Exercise goal: Would you give back exactly the lines from the line with "Small Business Trends" through the end of the entries below, both included, but none of the pictures?

Pictures with short captions
┄┄┄┄┄┄
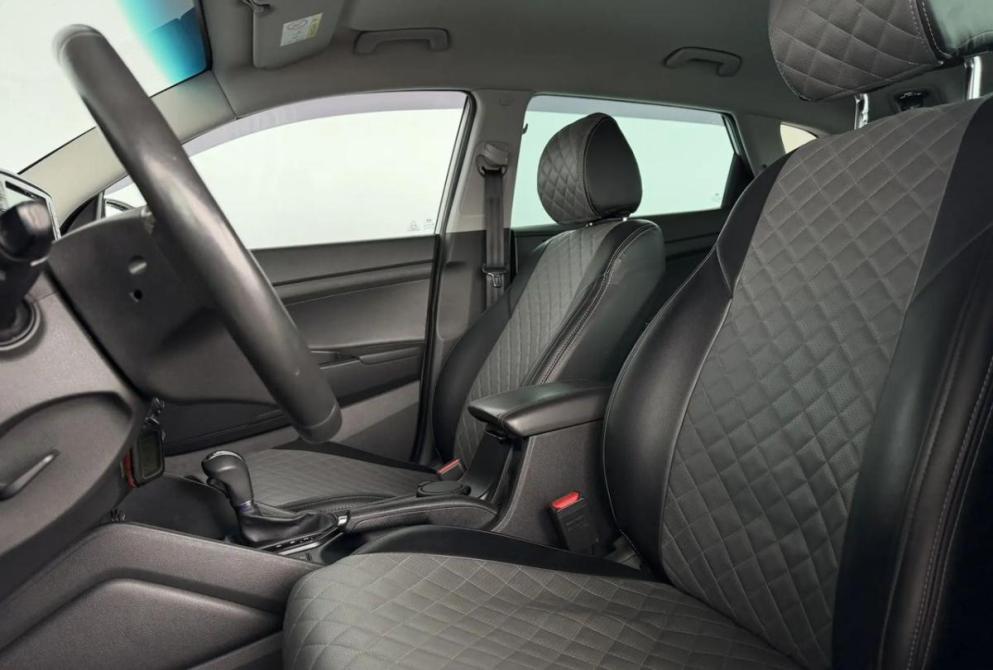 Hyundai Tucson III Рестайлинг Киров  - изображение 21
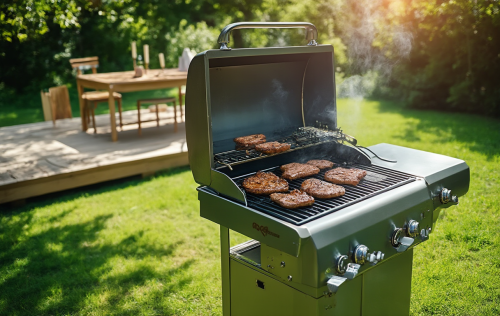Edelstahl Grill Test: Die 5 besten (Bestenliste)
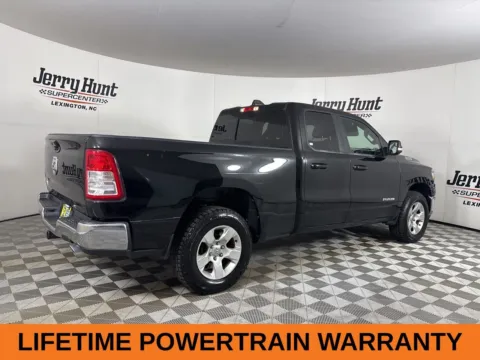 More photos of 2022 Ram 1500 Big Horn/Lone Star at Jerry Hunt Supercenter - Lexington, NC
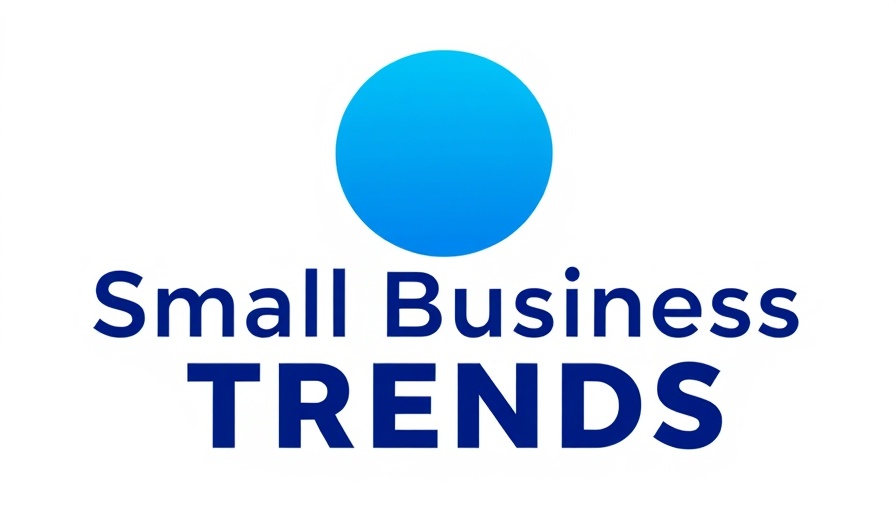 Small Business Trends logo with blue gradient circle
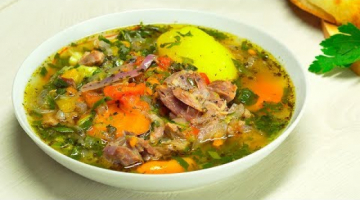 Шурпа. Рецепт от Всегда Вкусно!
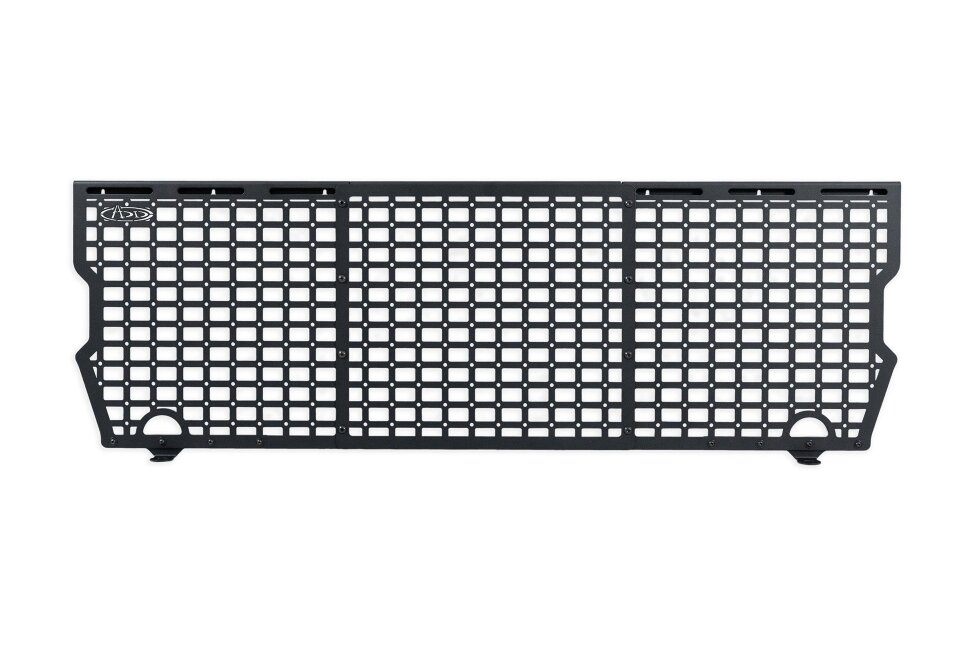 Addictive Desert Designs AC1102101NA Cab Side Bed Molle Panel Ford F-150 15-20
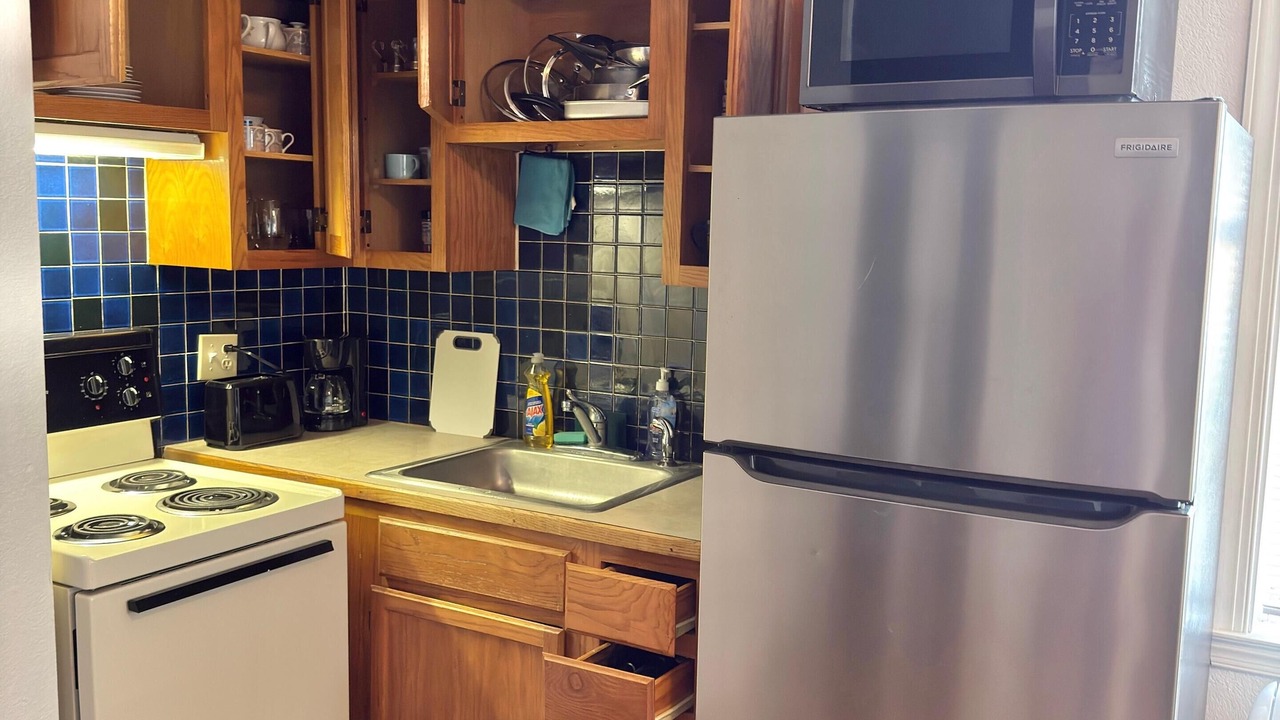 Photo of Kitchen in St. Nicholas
┄┄┄┄┄┄
Result for this task:
 Small Business Trends logo with blue gradient circle
 Шурпа. Рецепт от Всегда Вкусно!
 Addictive Desert Designs AC1102101NA Cab Side Bed Molle Panel Ford F-150 15-20
 Photo of Kitchen in St. Nicholas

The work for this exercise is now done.